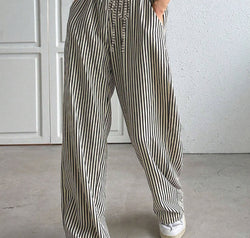 Drawstring Striped Elastic Waist Pants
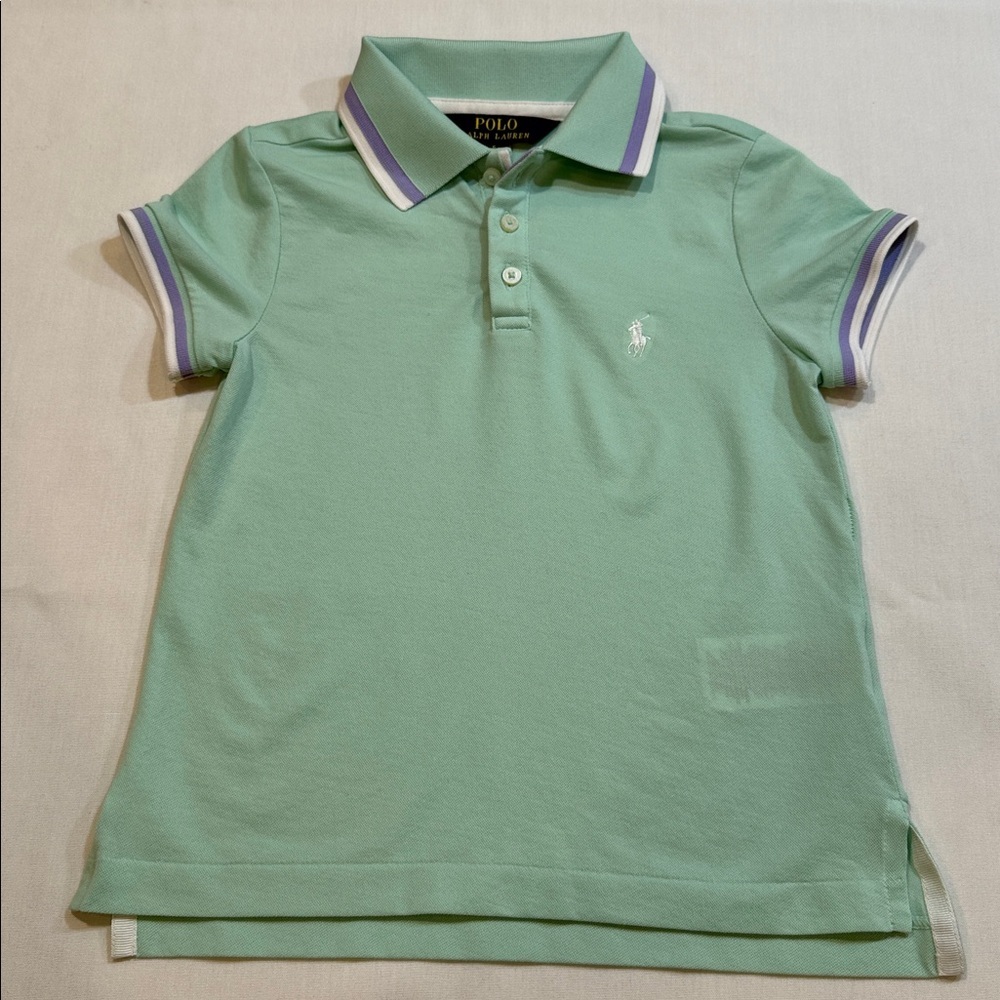 POLO RALPH LAUREN Iconic Cotton Mesh Polo Shirt Girls Size 5 Light Green #Spring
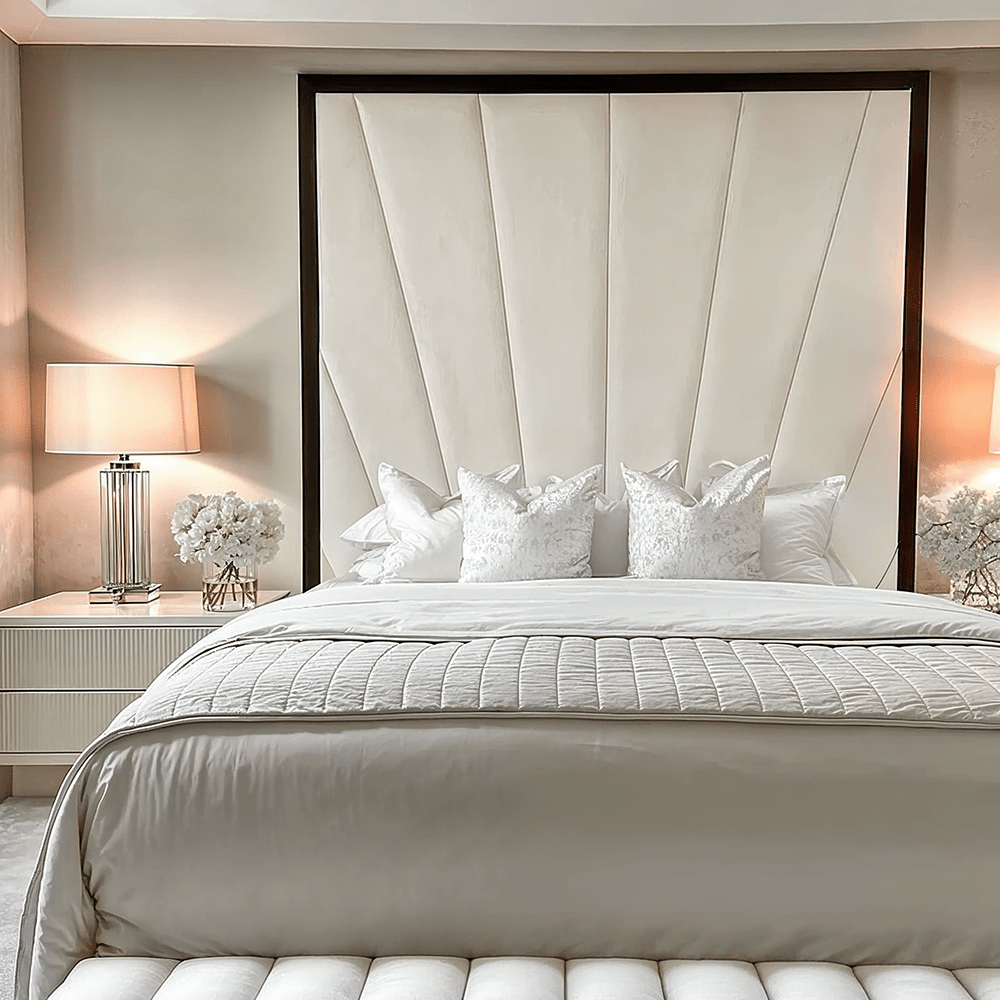 Sunburst Cream Velvet & Black Luxury Wall Mounted Headboard MTO Beds and Headboards 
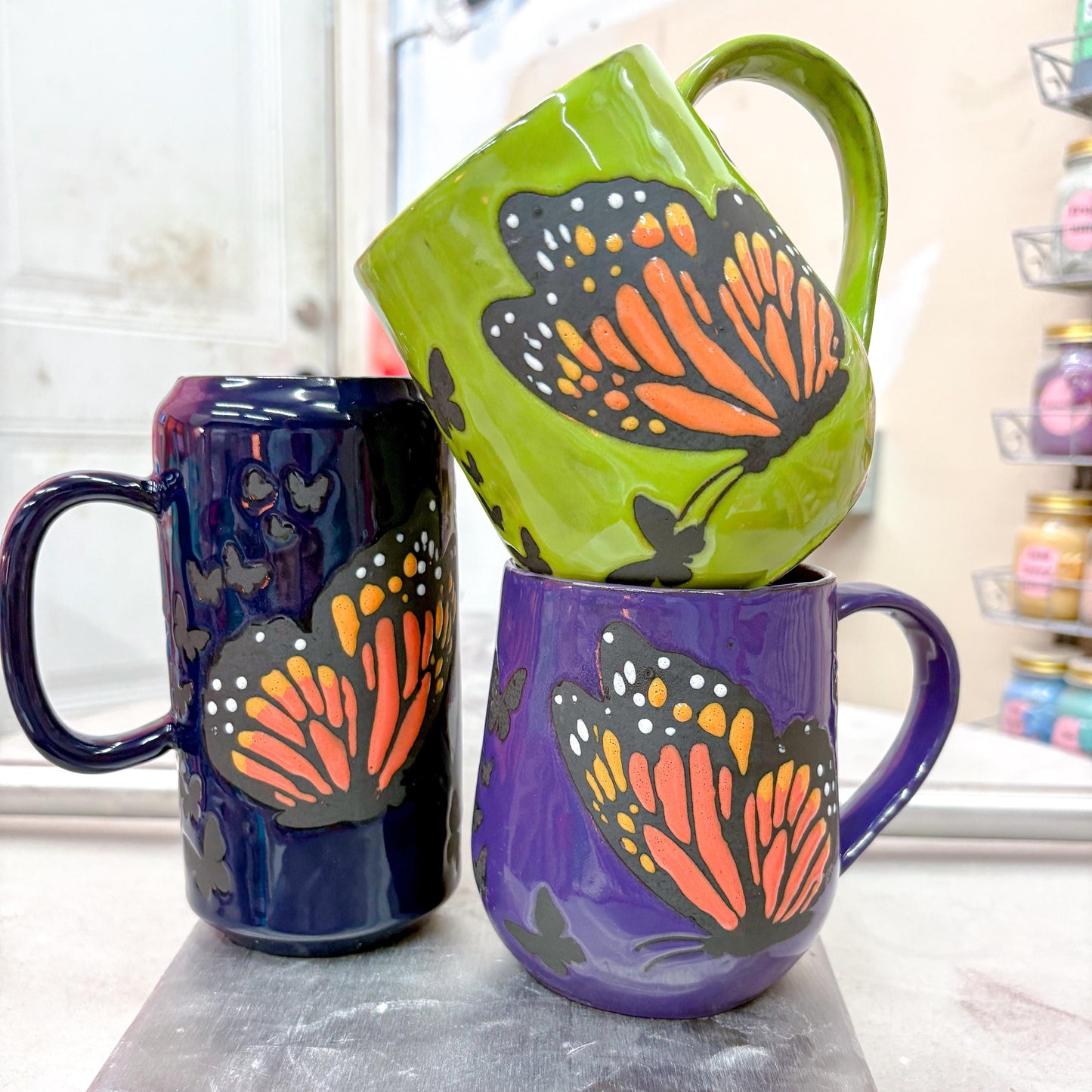 Purple Monarch Butterfly Ceramic Mug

•••

What to do: Output the whole listing again, exactly, without its pictures.

Reply to the task:
 Drawstring Striped Elastic Waist Pants
 POLO RALPH LAUREN Iconic Cotton Mesh Polo Shirt Girls Size 5 Light Green #Spring
 Sunburst Cream Velvet & Black Luxury Wall Mounted Headboard MTO Beds and Headboards 
 Purple Monarch Butterfly Ceramic Mug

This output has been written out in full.